The pattern: A, C, E are settled by ML evaluation; B, D, F require entirely different instruments (clinical, regulatory, legal). The operational test cleanly discriminates the two without needing to memorize the category list.

Flashcards

Ten cards. Click any card to reveal the answer. Use the Print flashcards button for one card per page.

Q. Why is biology harder data than the internet?

Many modalities each individually much smaller than internet-scale, expensive to produce, noisy, and the ground truth you most want to predict (clinical effect) is what you have least data for. Scaling-laws stories from text and image generation do not transfer cleanly.

Q. What is the multimodal world model framing for drug discovery?

Encode each biological modality into a shared embedding, train a multimodal transformer on co-occurring biological data (molecule + cell + outcome), predict perturbation effects for new molecules and cell systems.

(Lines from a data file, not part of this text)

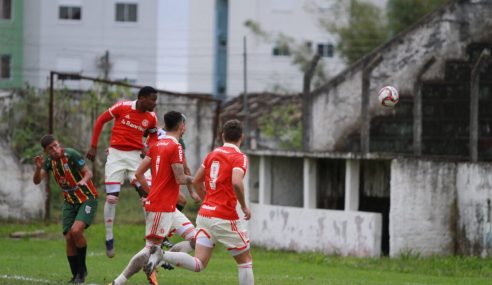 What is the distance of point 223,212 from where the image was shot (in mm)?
12555

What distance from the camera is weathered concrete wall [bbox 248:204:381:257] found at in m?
21.4

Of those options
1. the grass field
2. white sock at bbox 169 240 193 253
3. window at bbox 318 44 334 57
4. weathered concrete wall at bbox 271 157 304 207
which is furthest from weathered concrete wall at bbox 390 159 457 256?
window at bbox 318 44 334 57

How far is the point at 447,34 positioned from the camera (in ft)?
83.2

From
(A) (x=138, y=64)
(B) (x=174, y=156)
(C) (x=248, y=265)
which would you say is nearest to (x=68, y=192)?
(B) (x=174, y=156)

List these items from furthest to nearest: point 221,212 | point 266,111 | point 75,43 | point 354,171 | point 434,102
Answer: point 75,43 → point 266,111 → point 434,102 → point 354,171 → point 221,212

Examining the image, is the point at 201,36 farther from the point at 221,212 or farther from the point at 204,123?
the point at 221,212

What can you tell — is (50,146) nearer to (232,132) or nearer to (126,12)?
(232,132)

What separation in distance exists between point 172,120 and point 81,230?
99.6 inches

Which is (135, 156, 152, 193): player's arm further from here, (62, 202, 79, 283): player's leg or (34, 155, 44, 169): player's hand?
(34, 155, 44, 169): player's hand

Q. Name three biological data modalities a multimodal drug-discovery model fuses.

Any three of: molecular structures, cell microscopy, transcriptomics (gene expression), proteomics, phenotypic outcomes (cell behavior), clinical reports.

Q. What is the single most important pitfall this lesson names?

“Model passes ML benchmark, therefore drug is clinically useful.” Benchmark performance and clinical utility are evaluated by different instruments; the gap between them is exactly what makes drug discovery slow.

Q. State the operational scope test for medical-AI claims.

What instruments settle the question? If ML benchmarks settle it = in scope (technique). If clinical trials, regulatory review, malpractice frameworks, or patient consent processes are required = different conversation.

Q. Why doesn't 'bigger model' fix drug discovery?

Biology is data-limited, not capacity-limited. A larger model on the same small dataset overfits more, not less. The bottleneck is the data the world has produced, not the parameters you can throw at it.

Q. Do AI-based world models replace experimentation in drug discovery?

No. They guide which experiments to run (compound screening, targeted assays) and which not to. They make the wet-lab loop more efficient; they do not replace it.

Q. Name two medical-AI categories deferred to other forums.

Any two of: diagnostic claims and clinical validity (clinical trials), regulatory framework (FDA/EMA), medical malpractice (legal frameworks), patient consent (bioethics), clinical-trial methodology vs ML evaluation (translational science), therapeutic claims (clinical practice).

Q. What is the connection between this lesson and L7 (JEPA + world modeling)?

Same world-model framing: predict the semantic state of a system under intervention, not raw outputs. The capacity-on-semantic-structure argument from L7 matters even more in biology because data is so much more limited than internet-scale.

Q. How should you read an 'AI cures cancer' headline?

Apply the operational test. If the underlying result is benchmark performance, it is an ML claim and evaluatable as one. If the underlying result is patient outcomes in a controlled trial, it is a clinical claim with much higher epistemic standards.